Pembahasan tentang “Negara Islam” seperti tidak habis-habis, dan memang masih terus diperbincangkan di berbagai forum, mulai “angkringan”, kafe, gedung universitas, hingga ruang rapat organisasi. Jangan-jangan orang tidak butuh kesimpulan, membiarkan perdebatan mengalir….
Bertahun-tahun para cendekiawan berusaha menemukan dalil dan argumen guna merperkokoh fondasi Negara Islam ini. Muncullah berbagai kelompok yang pro dan kontra. Mereka yang kontra biasanya mengulik ketidakjelasan konsep tentang Negara Islam.

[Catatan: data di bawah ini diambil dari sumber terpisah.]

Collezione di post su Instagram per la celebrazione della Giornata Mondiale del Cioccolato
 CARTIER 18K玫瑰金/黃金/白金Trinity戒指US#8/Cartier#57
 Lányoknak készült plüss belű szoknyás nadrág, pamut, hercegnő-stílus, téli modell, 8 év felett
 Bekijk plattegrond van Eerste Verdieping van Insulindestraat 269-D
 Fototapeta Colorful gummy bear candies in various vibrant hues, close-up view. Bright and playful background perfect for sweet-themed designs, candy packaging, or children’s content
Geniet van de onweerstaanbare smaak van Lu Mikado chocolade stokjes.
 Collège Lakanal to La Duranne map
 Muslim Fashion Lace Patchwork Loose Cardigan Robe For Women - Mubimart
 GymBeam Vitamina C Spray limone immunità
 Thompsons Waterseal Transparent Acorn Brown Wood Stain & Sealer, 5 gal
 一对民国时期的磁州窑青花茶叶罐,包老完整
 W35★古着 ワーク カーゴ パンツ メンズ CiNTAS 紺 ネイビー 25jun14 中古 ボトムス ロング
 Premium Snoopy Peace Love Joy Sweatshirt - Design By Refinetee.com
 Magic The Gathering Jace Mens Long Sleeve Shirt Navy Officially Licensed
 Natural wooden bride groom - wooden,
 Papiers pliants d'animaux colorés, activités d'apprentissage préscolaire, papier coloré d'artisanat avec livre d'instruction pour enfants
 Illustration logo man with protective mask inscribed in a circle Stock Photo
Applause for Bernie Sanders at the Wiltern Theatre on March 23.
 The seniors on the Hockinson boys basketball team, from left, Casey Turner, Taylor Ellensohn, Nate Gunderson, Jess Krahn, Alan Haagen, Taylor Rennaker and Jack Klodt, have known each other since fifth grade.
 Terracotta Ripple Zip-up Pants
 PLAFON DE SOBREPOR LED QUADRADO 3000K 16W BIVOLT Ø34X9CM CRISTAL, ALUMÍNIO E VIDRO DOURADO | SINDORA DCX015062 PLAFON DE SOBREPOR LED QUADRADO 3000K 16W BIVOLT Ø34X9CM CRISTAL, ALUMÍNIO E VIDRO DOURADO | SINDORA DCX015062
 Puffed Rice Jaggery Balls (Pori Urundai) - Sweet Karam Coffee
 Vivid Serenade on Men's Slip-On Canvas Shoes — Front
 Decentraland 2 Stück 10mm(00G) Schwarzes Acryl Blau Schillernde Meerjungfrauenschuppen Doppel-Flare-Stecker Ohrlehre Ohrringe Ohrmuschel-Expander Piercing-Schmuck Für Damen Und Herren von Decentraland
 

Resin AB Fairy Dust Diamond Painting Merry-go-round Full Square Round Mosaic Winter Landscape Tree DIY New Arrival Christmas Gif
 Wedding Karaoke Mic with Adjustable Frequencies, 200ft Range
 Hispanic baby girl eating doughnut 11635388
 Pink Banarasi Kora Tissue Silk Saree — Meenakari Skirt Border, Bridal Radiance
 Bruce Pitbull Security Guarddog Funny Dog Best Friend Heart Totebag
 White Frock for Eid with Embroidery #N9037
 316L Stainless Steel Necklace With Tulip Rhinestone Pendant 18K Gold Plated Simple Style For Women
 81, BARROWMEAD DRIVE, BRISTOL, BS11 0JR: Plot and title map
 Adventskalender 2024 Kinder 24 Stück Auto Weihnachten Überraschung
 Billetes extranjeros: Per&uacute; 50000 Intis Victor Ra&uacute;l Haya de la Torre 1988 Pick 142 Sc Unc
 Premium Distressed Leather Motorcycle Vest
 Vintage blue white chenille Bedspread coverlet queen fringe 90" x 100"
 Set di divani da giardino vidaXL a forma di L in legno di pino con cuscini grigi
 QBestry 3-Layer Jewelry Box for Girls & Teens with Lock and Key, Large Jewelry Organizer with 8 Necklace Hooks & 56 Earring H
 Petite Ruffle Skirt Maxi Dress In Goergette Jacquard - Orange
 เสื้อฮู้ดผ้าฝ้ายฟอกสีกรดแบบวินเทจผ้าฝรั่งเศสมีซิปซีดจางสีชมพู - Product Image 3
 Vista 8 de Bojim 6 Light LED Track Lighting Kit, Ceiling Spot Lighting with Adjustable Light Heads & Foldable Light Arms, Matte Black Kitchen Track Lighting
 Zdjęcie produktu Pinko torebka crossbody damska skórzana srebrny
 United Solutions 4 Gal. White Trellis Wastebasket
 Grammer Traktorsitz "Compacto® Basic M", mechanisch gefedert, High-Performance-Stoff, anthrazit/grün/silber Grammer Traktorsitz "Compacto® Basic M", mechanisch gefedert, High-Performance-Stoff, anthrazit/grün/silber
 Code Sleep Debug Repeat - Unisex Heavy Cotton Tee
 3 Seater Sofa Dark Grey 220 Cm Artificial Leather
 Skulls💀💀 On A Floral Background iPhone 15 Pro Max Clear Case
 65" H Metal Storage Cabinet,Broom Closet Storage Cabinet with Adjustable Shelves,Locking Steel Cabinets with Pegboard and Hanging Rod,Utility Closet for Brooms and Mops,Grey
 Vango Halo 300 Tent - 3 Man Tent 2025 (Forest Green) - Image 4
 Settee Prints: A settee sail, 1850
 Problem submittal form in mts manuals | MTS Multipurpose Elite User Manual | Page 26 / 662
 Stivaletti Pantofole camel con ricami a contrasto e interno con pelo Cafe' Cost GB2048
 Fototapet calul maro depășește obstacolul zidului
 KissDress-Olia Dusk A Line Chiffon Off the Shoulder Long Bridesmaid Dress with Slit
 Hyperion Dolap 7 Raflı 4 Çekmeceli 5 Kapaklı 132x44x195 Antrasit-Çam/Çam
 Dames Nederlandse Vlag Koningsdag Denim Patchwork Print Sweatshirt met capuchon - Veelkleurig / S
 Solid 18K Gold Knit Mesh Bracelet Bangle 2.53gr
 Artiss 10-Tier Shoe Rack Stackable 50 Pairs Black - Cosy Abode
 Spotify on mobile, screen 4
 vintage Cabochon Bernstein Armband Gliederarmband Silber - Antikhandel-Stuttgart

Salah satu organisasi kemasyarakatan Islam yang santer menghembuskan ideologi tentang berdirinya Negara Islam (baca: khilafah) di Indonesia adalah Hizbut Tahrir Indonesia (HTI). Mengutip pendapat Dale F.Eickelman dan James Picastori dalam bukunya Muslim Politics tentang Hizbut Tahrir, “Kelompok islamis ini mempunyai pemikiran untuk mencipta ulang Negara Islam yang dengannya kaum muslimin dapat membebaskan diri dari pengaruh buruk penjajahan politik dan budaya barat “.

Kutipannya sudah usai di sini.